Transfection of viral RNA. For transfections, Rat2-HA-Zeo and Rat2-NZAP-Zeo cells were seeded in six-well plates at 7 x 105 cells per well. The next day the cells were transfected with Lipofectin (Gibco) or TransMessenger transfection reagent (Qiagen). For wild-type SIN, cells were washed with Opti-MEMI (Gibco) and were transfected with in vitro-transcribed SIN Toto1101 RNA by using a 200-µl cocktail of 8 µg of SIN RNA and 8 µg of Lipofectin in Opti-MEMI. After incubation at room temperature for 10 min, the cells were washed with Opti-MEMI and 3 ml of DMEM, containing 2% FBS, was added to each well. A 200-µl aliquot of the medium was removed and replaced with fresh medium at various times after transfection. Samples were stored at -80°C and titered on BHK-J cells. PolioRep/GFP was similarly transfected into the cells with 3.5 µg of RNA per well. Toto1101/Luc/Pol- and Renilla luciferase RNAs were introduced into Rat2-HA-Zeo and Rat2-NZAP-Zeo cells according to the manufacturer's recommendations by using 1 µg of RNA with a 1:4 ratio of RNA to TransMessenger transfection reagent.
Determination of luciferase activity. Cell lysates were harvested with 1x passive lysis buffer, and luciferase activity was determined with the Dual-Luciferase reporter assay system or luciferase assay system (Promega) according to the manufacturer's recommendations. Luciferase activity was measured on a Lumat LD 9507 (EG&G Berthold).
DNA transfections for Cre-mediated insert removal. Cells were seeded at 1.5 x 106 cells per 55-cm2 plate and transfected the following day with 10 µg of plasmid pMAMNeo or 10 µg of pMC-Cre in combination with 1 µg of pMAMNeo by using 85 µg of SuperFect transfection reagent (Qiagen). Cells were placed under G418 (Invitrogen) selection (0.5 mg/ml) the following day. For pMC-Cre-transfected cells, individual clones were picked and expanded. Cre-mediated removal was verified by PCR as described previously (5).
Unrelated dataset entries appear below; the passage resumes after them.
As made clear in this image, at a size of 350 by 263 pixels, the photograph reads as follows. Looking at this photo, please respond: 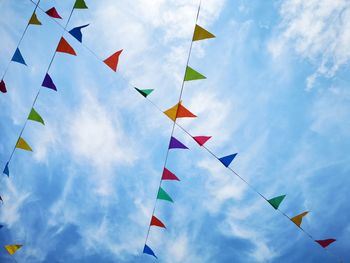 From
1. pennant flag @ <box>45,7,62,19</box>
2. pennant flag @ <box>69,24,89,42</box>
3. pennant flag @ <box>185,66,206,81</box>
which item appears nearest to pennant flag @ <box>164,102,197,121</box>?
pennant flag @ <box>185,66,206,81</box>

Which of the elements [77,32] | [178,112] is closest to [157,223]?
[178,112]

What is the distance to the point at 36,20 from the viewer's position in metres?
4.31

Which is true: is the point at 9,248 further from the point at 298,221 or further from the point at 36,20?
the point at 298,221

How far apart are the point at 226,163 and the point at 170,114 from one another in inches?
48.4

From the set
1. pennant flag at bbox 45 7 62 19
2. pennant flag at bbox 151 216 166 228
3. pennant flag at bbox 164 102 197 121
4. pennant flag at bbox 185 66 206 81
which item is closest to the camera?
pennant flag at bbox 185 66 206 81

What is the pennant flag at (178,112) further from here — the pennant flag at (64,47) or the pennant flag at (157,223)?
the pennant flag at (157,223)

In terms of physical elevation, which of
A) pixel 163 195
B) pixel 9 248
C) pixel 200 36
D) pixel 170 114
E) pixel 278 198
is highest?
pixel 200 36

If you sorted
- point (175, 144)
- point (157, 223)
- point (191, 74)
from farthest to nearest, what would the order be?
point (157, 223), point (175, 144), point (191, 74)

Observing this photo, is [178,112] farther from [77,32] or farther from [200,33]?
[77,32]

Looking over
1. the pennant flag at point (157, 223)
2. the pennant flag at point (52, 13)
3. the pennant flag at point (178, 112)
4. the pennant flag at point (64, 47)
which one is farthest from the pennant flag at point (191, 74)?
the pennant flag at point (157, 223)

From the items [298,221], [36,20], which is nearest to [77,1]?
[36,20]

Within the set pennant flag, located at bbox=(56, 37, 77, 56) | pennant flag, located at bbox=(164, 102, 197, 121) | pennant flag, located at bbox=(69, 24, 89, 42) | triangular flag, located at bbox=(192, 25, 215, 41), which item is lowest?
pennant flag, located at bbox=(164, 102, 197, 121)

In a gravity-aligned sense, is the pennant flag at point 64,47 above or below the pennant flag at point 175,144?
above

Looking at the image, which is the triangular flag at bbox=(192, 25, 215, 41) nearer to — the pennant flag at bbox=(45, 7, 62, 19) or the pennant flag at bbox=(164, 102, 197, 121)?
the pennant flag at bbox=(164, 102, 197, 121) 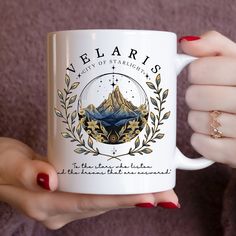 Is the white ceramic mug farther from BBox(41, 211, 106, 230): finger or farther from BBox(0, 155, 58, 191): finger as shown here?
BBox(41, 211, 106, 230): finger

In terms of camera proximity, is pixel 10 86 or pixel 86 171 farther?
pixel 10 86

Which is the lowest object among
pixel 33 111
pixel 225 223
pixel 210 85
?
pixel 225 223

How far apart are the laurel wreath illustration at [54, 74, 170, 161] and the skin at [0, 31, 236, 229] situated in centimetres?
6

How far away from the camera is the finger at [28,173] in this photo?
0.72m

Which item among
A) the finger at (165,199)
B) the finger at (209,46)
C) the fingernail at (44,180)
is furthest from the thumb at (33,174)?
the finger at (209,46)

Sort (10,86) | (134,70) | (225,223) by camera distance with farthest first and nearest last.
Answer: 1. (10,86)
2. (225,223)
3. (134,70)

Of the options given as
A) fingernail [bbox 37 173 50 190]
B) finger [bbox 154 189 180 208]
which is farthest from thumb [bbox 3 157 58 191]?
finger [bbox 154 189 180 208]

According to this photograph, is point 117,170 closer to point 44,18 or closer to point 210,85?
point 210,85

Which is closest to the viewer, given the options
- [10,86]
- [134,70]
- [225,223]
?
[134,70]

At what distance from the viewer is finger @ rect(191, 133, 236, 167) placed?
766 mm

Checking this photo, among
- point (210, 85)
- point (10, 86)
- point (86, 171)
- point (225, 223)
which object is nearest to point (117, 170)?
point (86, 171)

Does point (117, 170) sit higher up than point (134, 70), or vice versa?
point (134, 70)

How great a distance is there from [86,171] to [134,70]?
0.13m

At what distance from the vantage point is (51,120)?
72 cm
Flow cytometry. Cells were harvested, fixed with 2% paraformaldehyde in phosphate-buffered saline and analyzed for expression of GFP using a FACSCalibur cytometer and CellQuest software (Becton Dickinson), analyzing 10,000 events for each sample. Gates were set with uninfected or untransfected cells such that less than 1% of the cells fell within the positive gate. Unpaired t tests were performed using GraphPad Prism, version 3.0a, for Macintosh (GraphPad Software, San Diego, Calif).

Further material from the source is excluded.